![alt text](https://github.com/SrStone/BlueMixJar/blob/master/ML_Hub_Logo.png?raw=true)

# IBM Watson Natural Language Understanding (NLU) 

## Introduction

IBM Watson Natural Language Understanding(NLU) uses natural language processing to analyze semantic features of any text. Provide plain text, HTML, or a public URL, and NLU returns results for the features you specify. The following language analysis can be performed:

- **Concepts**: Identify general concepts that are referenced or alluded to in your content.
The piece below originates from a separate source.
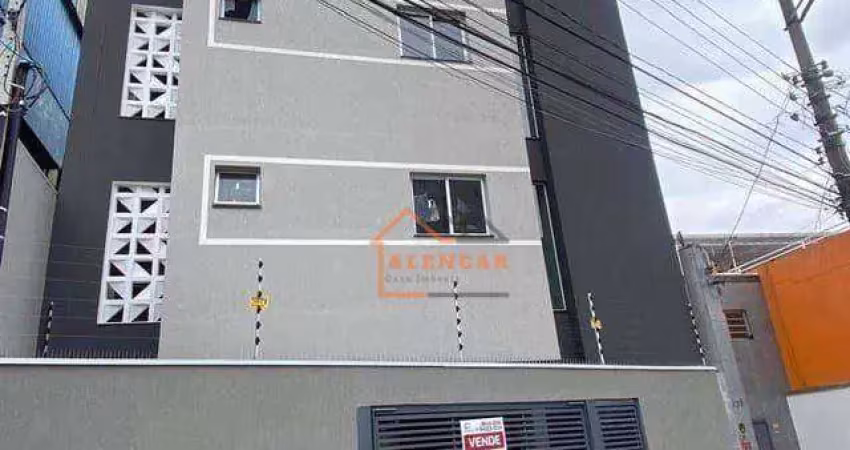 Apartamento com 1 dormitório à venda, 26 m² por r$ 215.000,00 - vila carrão - são paulo/sp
Concepts that are detected typically have an associated link to a DBpedia resource.
- **Entities**: Detect important people, places, geopolitical entities and other types of entities in your content. Entity detection recognizes consecutive coreferences of each entity. 
- **Keywords**: Determine the most important keywords in your content. Keyword phrases are organized by relevance in the results.
- **Categories**: Categorize your content into a hierarchical 5-level taxonomy. For example, "Leonardo DiCaprio won an Oscar" returns "/art and entertainment/movies and tv/movies" as the most confident classification.
- **Sentiment**: Determine whether your content conveys postive or negative sentiment. Sentiment information can be returned for detected entities, keywords, or user-specified target phrases found in the text.
- **Emotion**: Detect anger, disgust, fear, joy, or sadness that is conveyed by your content. Emotion information can be returned for detected entities, keywords, or user-specified target phrases found in the text.
- **Relations**: Recognize when two entities are related, and identify the type of relation. For example, you can identify an "awardedTo" relation between an award and its recipient.
- **Semantic Role**: sParse sentences into subject-action-object form, and identify entities and keywords that are subjects or objects of an action.
- **Metadata**: Get author information, publication date, and the title of your text/HTML content.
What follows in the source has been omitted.